Of Capt. P. C. King, who administered the government from 1800 to 1806, Mr. Therry writes:
“He was a man of rough manners, and prone to indulge in offensive expressions borrowed from the language then in vogue in the navy.... His temper was irascible and wayward. At one time he assumed a tone of arrogant and unyielding dictation; at another, he indulged in jokes unsuited to the dignity of his position.”
Of Capt. Bligh, who succeeded King, Judge Therry tells us that his
“despotic conduct as commander of the Bounty had driven the crew to mutiny. Yet he who had proved his incapacity for ruling a small ship's company was made absolute ruler of a colony so critically circumstanced as that of New South Wales.... He was the same rude, despotic man, whether treading the quarter-deck of the Bounty or pacing his reception-room in Government House at Sydney.” “Throughout the colony,” continues the judge, “the uncontrolled use of the lash was resorted to, as an incessant and almost sole instrument of punishment, and too often those who inflicted this degrading punishment regarded themselves as irresponsible agents, and kept no record of their darkest deeds.”
But when the backs and the consciences of the unhappy victims of an English reformatory process had become alike hardened to this demoralizing torture, a perverse ingenuity had devised in Norfolk Island a place of penal torment calculated to destroy in its victims the last vestiges of humanity. To human beings thus circumstanced the scaffold became rather an object of desire than of dread. And we learn from Mr. Therry that during the years 1826, 1827, and 1830 no less than one hundred and fifty-three persons were hung out of a population of fifty thousand.
But we have not yet fathomed the lowest depth of imbecility and of guilty indifference to the commonest dictates of prudence and humanity exhibited in this nefarious scheme for the reformation, forsooth, of criminals.

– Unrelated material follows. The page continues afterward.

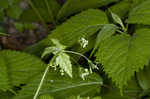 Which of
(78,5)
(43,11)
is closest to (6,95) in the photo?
(78,5)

Incredible as it may appear, it is nevertheless true, that by the authors of the scheme, although their lips were full of the professions we have quoted, the influence of religion as an agent of reformation was simply ignored. It had not been their original intention to send out any minister at all of their religion with the expedition they had planned. It was owing to the remonstrance of a dignitary of the Established sect that one was, at the last moment, appointed. This appointment, however, does not appear to have been made with any view of bringing the influence of religion to bear on the unfortunate criminals. To them the rudest objects of self-interest appear to have been the only motives of reformation held out. Dr. Porteous—such was his name—would have displayed more than the ordinary apathy of his class as to any objects of a merely spiritual interest, and a less than ordinary keenness of perception as to its material interests, if he had allowed a large colonial expedition to leave the shores of the mother-country without any provision whatsoever being made for the celebration of the worship of the Established religion in the distant land to which it was bound. We are told by Mr. Flanagan that a priest of some Spanish ships, which [pg 763] visited the colony in 1793, “observing that a church had not yet been built, lifted up his eyes with astonishment, and declared that, had the place been settled by his nation, a house would have been erected for God before any house had been built for men” (Hist. of N. S. W., vol. 1. p. 95). In 1791 a fresh batch of convicts, two thousand and fifty in number, arrived at Sydney, making the sum total of that portion of the population two thousand eight hundred and twenty-eight. Yet, for these, for the large staff of officials, the military guard, and the few free settlers, the only minister of religion for six years after the foundation of the colony was this churchless chaplain, and the only religious influences accessible to that multitude of unfortunates was the form of Sabbatical prayer adopted by his sect. The one master cause of the inhumanity of the whole scheme was the complete and profound disregard of religious influences engendered in the minds of its authors by that embodiment of religious indifference and lifeless formalism, the established sect in England.